> **Problem**: Beginning at the line with "Rainbow Village La Ceiba Extérieur photo", please repeat each line exactly through the end of the records below, including that first line and the last, but no pictures.

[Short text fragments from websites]
--

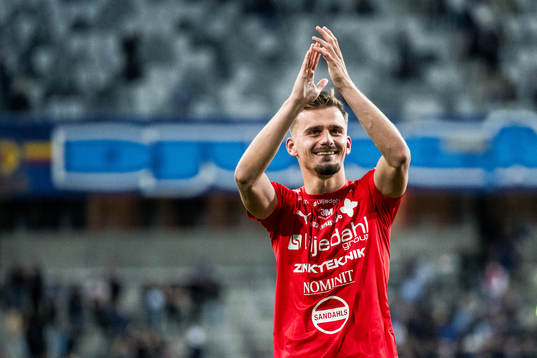 Värnamos Ajdin Zeljkovic jublar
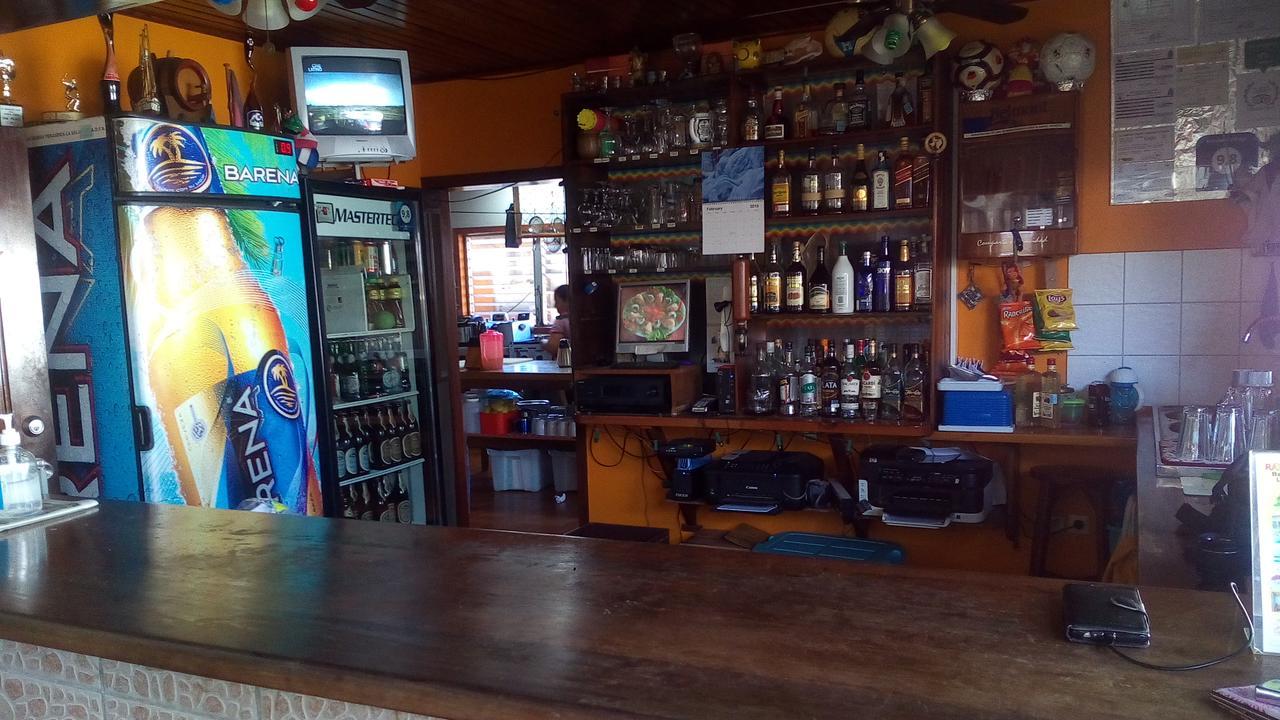 Rainbow Village La Ceiba Extérieur photo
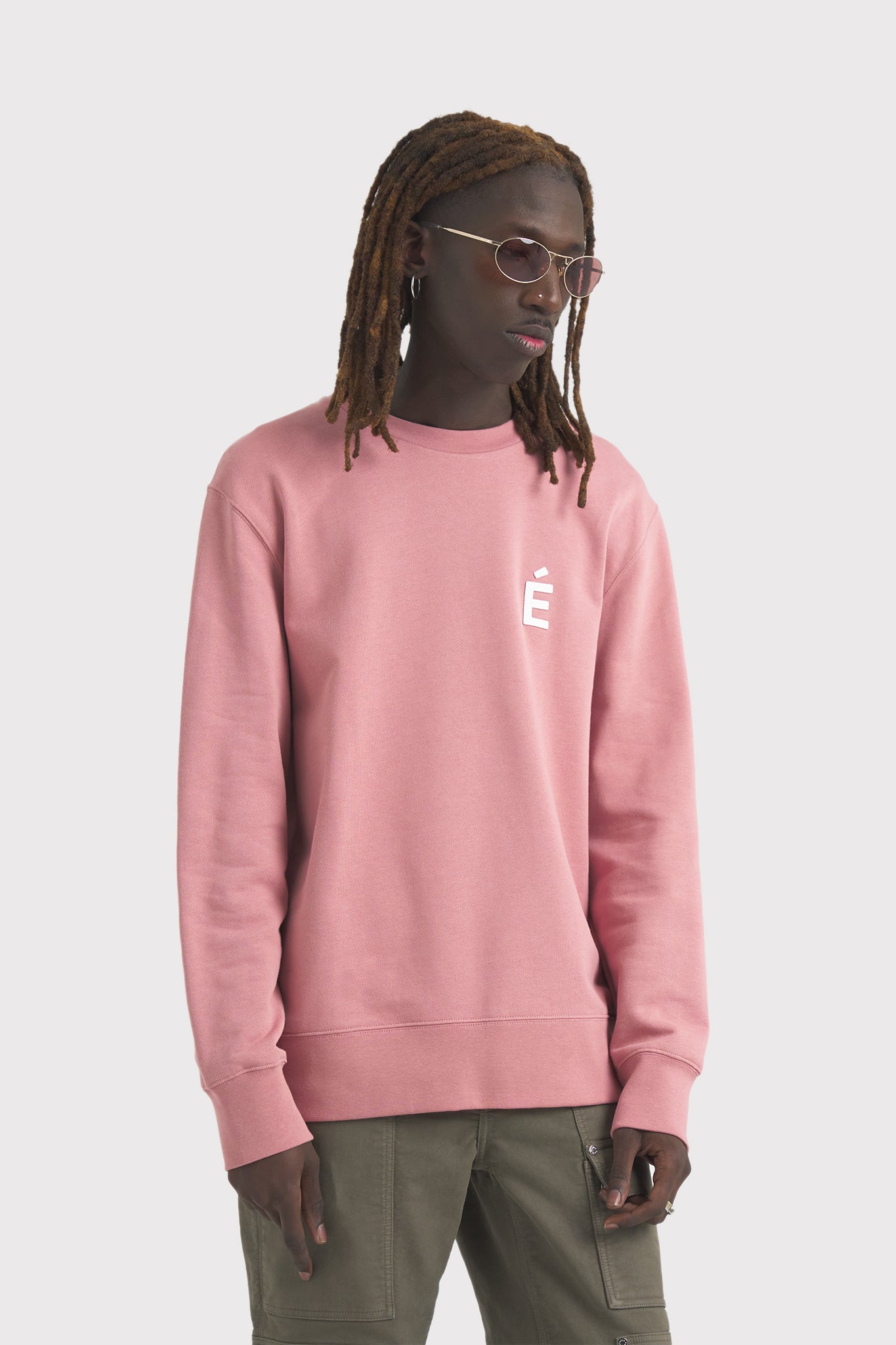 Nike essentials pink crew neck online sweatshirt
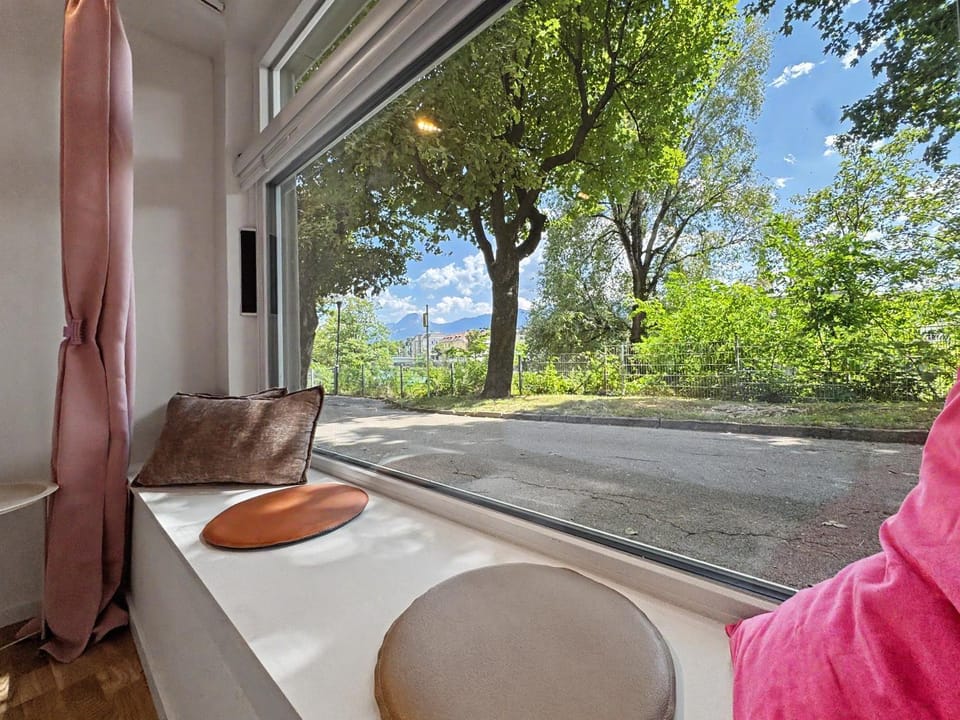Garden, Living room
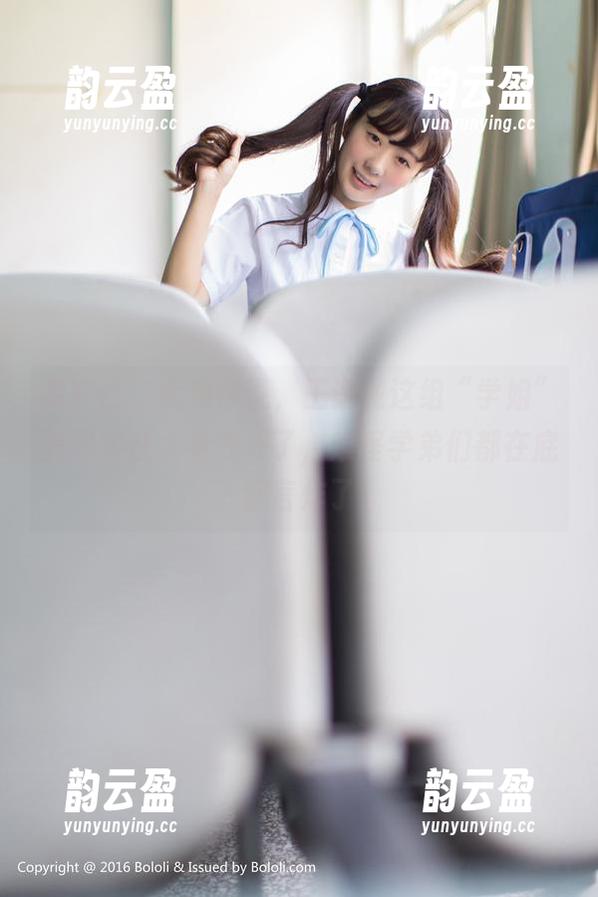 菠萝社 - 我和你说，王语纯这组“学姐”美图实在太有气质了，难怪学弟们都在底下留言炸了。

--

> **Reply to the exercise**:
 Rainbow Village La Ceiba Extérieur photo
 Nike essentials pink crew neck online sweatshirt
Garden, Living room
 菠萝社 - 我和你说，王语纯这组“学姐”美图实在太有气质了，难怪学弟们都在底下留言炸了。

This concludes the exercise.